B) Les limites de la rationalité justifient d’entraver l’endettement des entreprises
- Les limites de l’endettement des entreprises par le marché sont erratiques, en raison des biais des décisions financières,
identifiés par J. M. Keynes (Théorie générale de l'emploi, de l'intérêt et de la monnaie, 1936) : mimétisme, court-termisme,
« esprits animaux ». En fonction de l’état de la confiance, les marchés de capitaux peuvent exagérément relâcher ou resserrer
les limites de l’endettement.
- La finance comportementale (E. Jouini) documente ces biais, en s’appuyant sur la microéconomie des décisions en
environnement aléatoire. Le paradoxe d’Ellsberg (aversion à l’incertain) peut rendre compte de la difficulté des projets les plus
innovants à se financer, de contraintes d’endettement trop fortes. Le paradoxe d’Allais exhibant notre tendance à surestimer les
petites probabilités peut également rendre compte d’une frilosité des prêteurs. E. Jouini montre que cette déformation des
probabilités dépend du perception des agents financiers de leur propre influence sur l’aléa envisagé. Ils ont tendance à être trop
optimistes concernant les événements sur lesquels ils estiment avoir prise, et tarder ainsi à tirer les conséquences d’un choix de
placement malencontreux. Ceci peut rendre compte d’une certaine myopie des agents financiers face à l’insolvabilité d’une
entreprise. On pense par exemple à la confiance dont bénéficiait Lehman Brothers jusqu’à la veille de sa faillite. Remettre en
cause la solvabilité d’une entreprise à qui on a accordé un crédit, c’est aussi remettre en cause de façon rétrospective son
propre discernement.
- Pour F. Lordon, il faudrait se déprendre du paradigme de l’homo oeconomicus lorsqu’on examine les relations
financières, et leur appliquer plutôt une grille spinoziste : les prêteurs comme les emprunteurs seraient mus par une volonté de
puissance, les limites de l’endettement sont donc moins d’ordre comptable que d’ordre social et psychologique.

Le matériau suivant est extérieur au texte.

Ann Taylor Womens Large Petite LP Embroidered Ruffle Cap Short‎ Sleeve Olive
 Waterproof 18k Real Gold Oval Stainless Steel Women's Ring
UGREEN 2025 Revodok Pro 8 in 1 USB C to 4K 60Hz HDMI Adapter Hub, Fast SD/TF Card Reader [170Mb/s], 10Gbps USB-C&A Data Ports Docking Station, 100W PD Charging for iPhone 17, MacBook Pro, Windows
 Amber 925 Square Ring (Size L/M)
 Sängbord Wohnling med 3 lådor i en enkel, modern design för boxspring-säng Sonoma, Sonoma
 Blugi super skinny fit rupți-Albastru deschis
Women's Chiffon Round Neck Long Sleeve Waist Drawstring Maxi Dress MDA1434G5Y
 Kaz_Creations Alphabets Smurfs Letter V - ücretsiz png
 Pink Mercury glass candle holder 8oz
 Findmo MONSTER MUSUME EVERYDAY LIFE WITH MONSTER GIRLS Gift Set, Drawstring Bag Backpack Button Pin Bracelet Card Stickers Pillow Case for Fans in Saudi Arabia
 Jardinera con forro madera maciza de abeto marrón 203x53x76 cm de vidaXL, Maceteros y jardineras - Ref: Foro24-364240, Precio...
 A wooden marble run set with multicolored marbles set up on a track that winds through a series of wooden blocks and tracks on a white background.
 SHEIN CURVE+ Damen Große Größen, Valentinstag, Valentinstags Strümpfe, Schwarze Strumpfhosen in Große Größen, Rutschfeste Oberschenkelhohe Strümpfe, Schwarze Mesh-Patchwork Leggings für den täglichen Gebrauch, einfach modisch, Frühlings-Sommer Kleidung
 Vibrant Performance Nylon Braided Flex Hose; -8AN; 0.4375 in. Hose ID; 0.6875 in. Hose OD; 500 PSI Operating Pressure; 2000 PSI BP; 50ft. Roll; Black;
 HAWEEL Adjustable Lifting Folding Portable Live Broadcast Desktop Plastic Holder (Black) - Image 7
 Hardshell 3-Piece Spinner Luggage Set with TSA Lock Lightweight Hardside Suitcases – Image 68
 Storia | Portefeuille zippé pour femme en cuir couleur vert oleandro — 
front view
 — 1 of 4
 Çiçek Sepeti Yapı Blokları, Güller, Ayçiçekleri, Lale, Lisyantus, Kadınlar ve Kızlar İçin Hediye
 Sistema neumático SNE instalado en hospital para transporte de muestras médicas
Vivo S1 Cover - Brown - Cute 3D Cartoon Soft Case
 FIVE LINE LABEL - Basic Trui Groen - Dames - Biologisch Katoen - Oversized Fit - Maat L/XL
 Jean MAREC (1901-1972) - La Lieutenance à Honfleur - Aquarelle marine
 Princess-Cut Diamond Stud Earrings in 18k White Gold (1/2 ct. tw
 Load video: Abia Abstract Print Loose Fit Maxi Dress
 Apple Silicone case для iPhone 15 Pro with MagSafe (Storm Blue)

C) La régulation discipline l’endettement des entreprises
- Historiquement cette régulation a d’abord été de nature morale, avec la condamnation du prêt à intérêt et de l’usure sous
l’Antiquité (Aristte) et au Moyen-Âge (Saint-Thomas d’Aquin).
- La politique monétaire peut resserrer ou relâcher l’endettement des entreprises de façon contracyclique. Les banques
centrales peuvent actionner le mécanisme du multiplicateur de base monétaire par les politiques d’open-market. Elles peuvent
augmenter ou diminuer le coefficient de réserves obligatoires. Elles peuvent modifier le taux d’intérêt directeur sur lequel
tendent à s’ajuster les taux d’intérêt pratiqués par les banques pour les crédits aux entreprises. Depuis l’éclatement de la crise
des subprimes, les banques centrales ont joué de l’ensemble de ces leviers pour encourager le crédit et inverser un mouvement
de désendettement qui avait un impact récessif. Elles n’y sont que partiellement parvenues en raison de la trappe à liquidités.
La création de la Banque Publique d’Investissement en 2012 est un autre moyen de desserrer les limites de l’endettement.
- De façon plus structurelle, la régulation bancaire peut prévenir le surendettement des entreprises. Le ratio de solvabilité
limite l’endettement des banques, et permet aussi de discipliner leur activité de crédit (accords de Bâle). Une régulation plus
stricte est sans doute nécessaire, à l’instar de la récente interdiction par l’U.E. de la détention de CDS à nue.
Conclusion possible : il existe bien une autorégulation marchande de l’endettement par les entreprises, mais ces limites
marchandes de l’endettement des entreprises sont procycliques, et aveugles aux externalités positives ou négatives de cet
endettement. L’enjeu de l’intervention publique est de mettre en place des mécanismes limitant cet endettement de façon
contracyclique et plus qualitative, en étant plus attentif à l’usage des ressources empruntées.
* La formalisation du raisonnement est ici bienvenue.